# Math Help - trig

1. ## trig

4cos²x + cosx = 0

and

2sin²x - sinx - 1 = 0

thanks

2. Originally Posted by gracey
4cos²x + cosx = 0

and

2sin²x - sinx - 1 = 0

thanks
Think of these as "polynomials".

For $4cos^2x+cosx=0$, let $u=cosx$.
From that, you will get $4u^2+u=0$. Factor and solve that for u, then plug $cosx$ back in for u.

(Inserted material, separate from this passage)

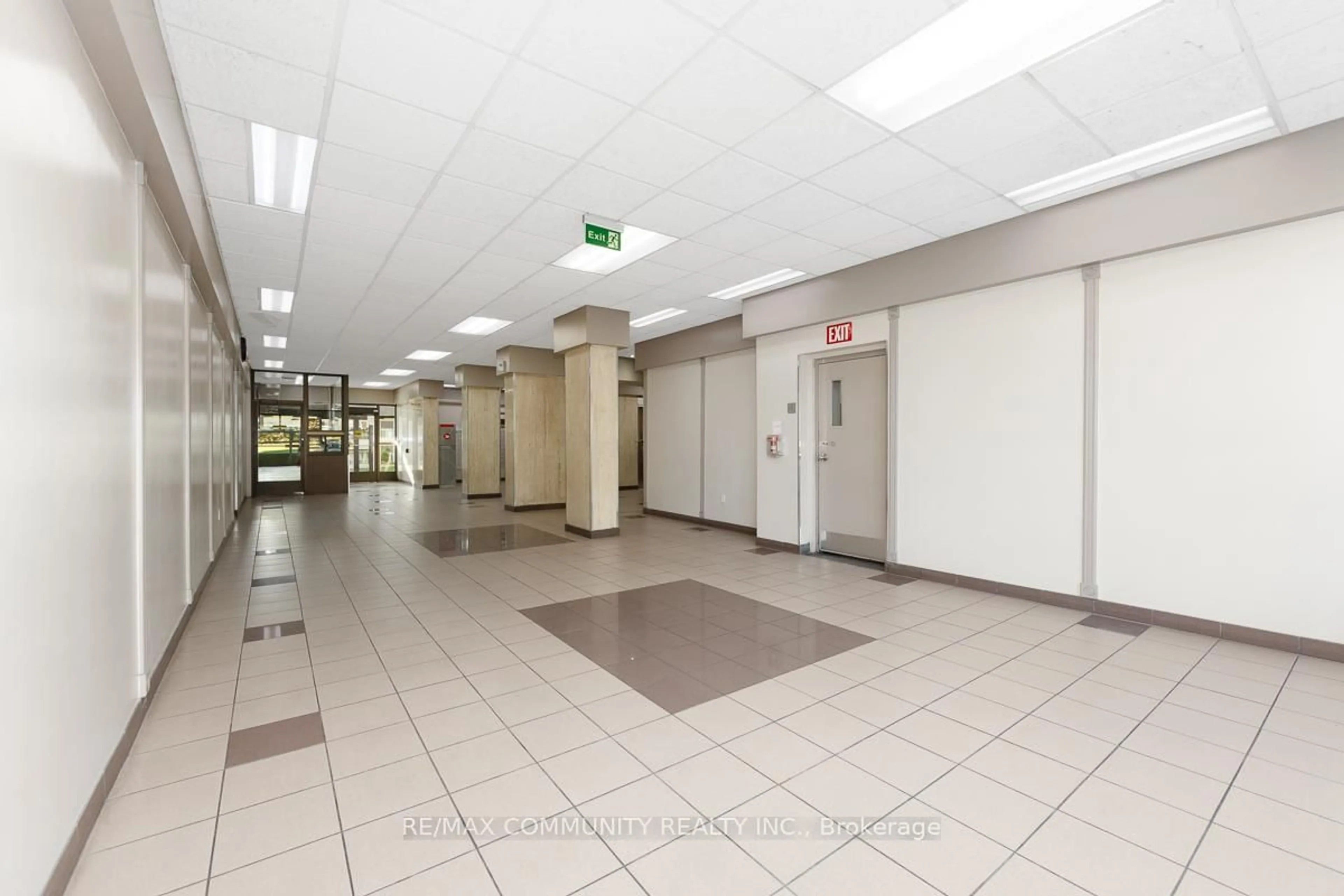 Indoor foyer for 3380 Eglinton Ave #1102, Toronto Ontario M1J 3L6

Take the same approach for the second problem.

3. First convert them to quadratic functions.

Let $a=\cos x$

$4\cos^2x + cosx = 0$

$4a^2 + a = 0$

$a(4a+1) = 0$

1. $a=0$
2. $4a+1=0$, $a=-\frac{1}{4}$

$a=0$
$\cos x = 0$
$\boxed{~x = \frac{\pi}{2} + k\pi~}$

$a=-\frac{1}{4}$
$\cos x = -\frac{1}{4}$
$\boxed{~x=-\arccos \left(-\frac{1}{4}\right)+2 k \pi}$
$\boxed{~x=\arccos \left(-\frac{1}{4}\right)+2 k \pi}$